**YOUR GOAL**
The required output is an exact copy of the lines from the one containing "ORENDAJEWELRY Kaplan Gözü" through the end of the entries below, with pictures removed.
·····
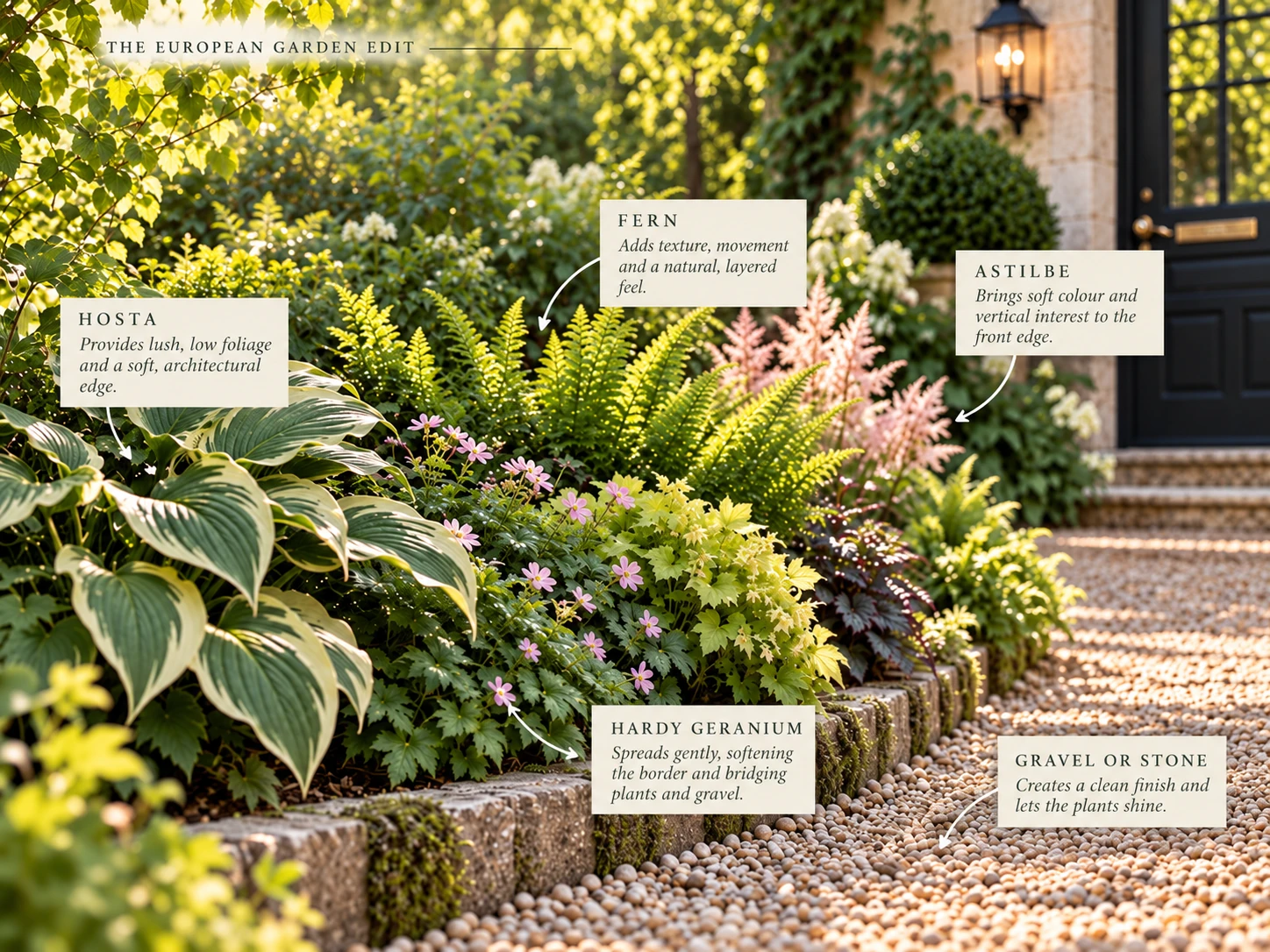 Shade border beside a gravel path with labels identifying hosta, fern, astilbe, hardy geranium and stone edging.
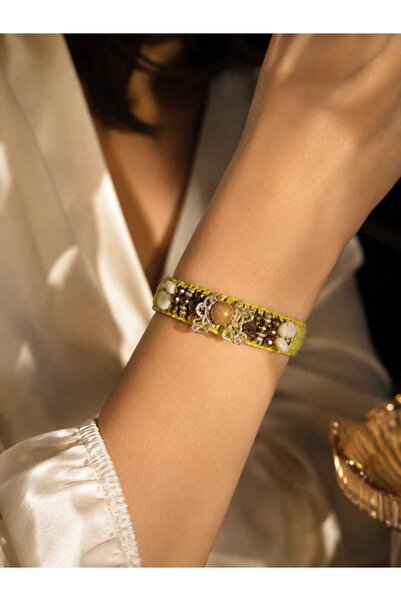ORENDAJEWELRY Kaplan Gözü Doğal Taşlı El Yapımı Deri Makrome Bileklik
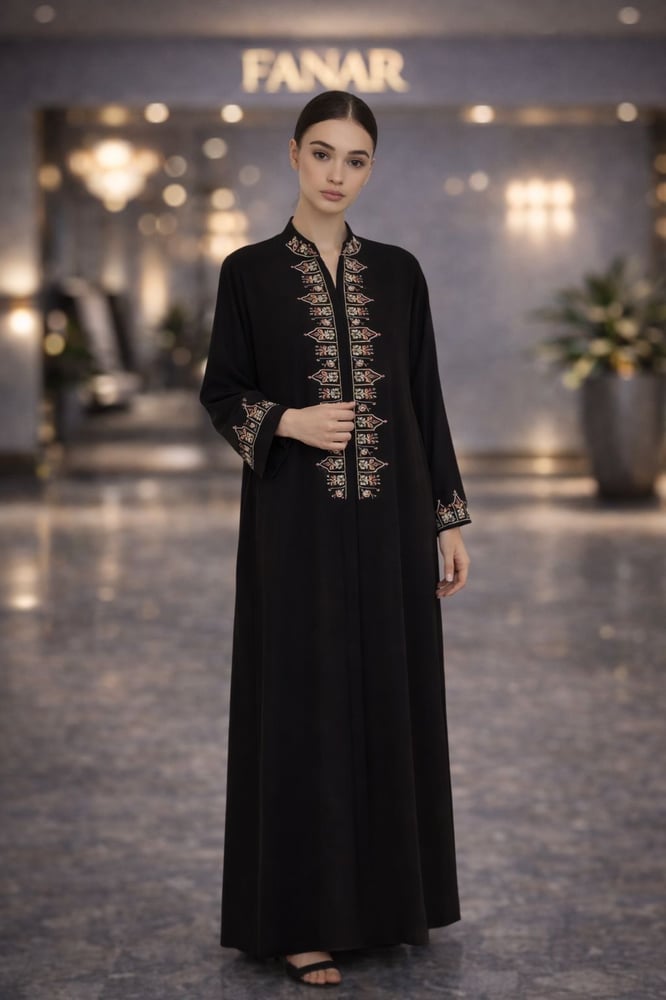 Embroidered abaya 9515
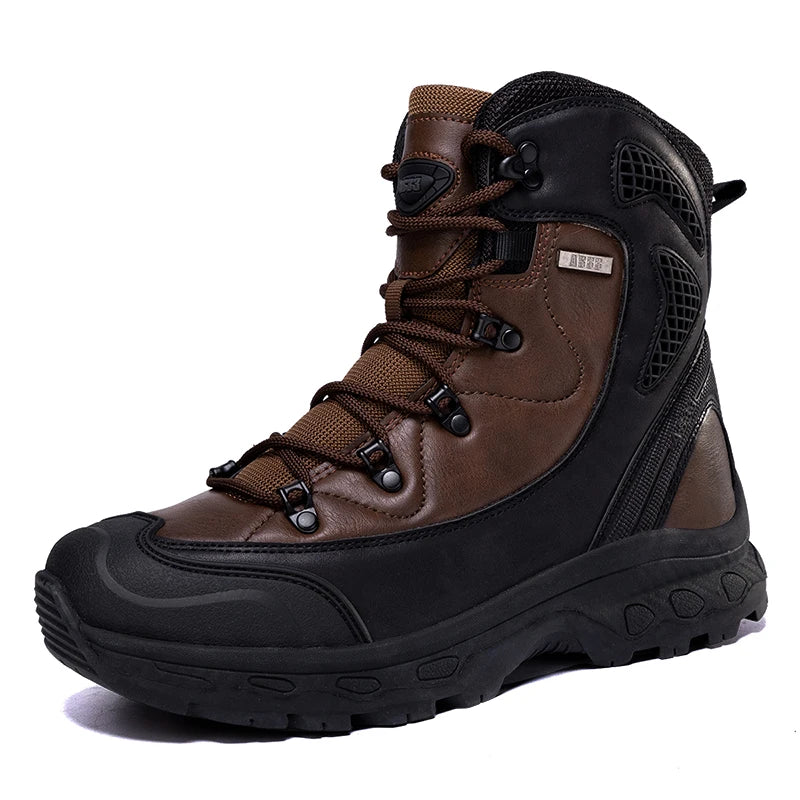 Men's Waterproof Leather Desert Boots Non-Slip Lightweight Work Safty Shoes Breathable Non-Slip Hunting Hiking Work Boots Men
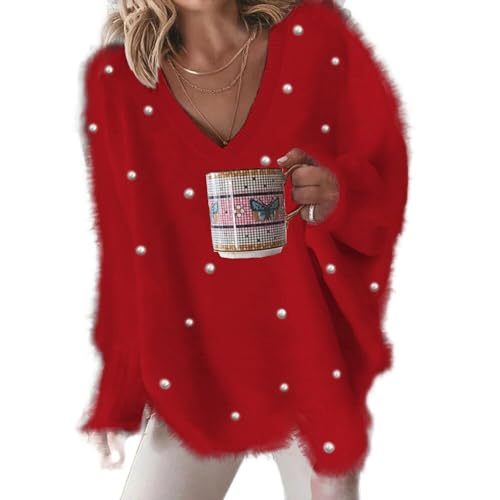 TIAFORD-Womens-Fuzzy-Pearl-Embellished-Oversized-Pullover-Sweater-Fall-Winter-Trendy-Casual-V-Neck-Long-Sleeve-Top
·····
**REPLY**
ORENDAJEWELRY Kaplan Gözü Doğal Taşlı El Yapımı Deri Makrome Bileklik
 Embroidered abaya 9515
 Men's Waterproof Leather Desert Boots Non-Slip Lightweight Work Safty Shoes Breathable Non-Slip Hunting Hiking Work Boots Men
 TIAFORD-Womens-Fuzzy-Pearl-Embellished-Oversized-Pullover-Sweater-Fall-Winter-Trendy-Casual-V-Neck-Long-Sleeve-Top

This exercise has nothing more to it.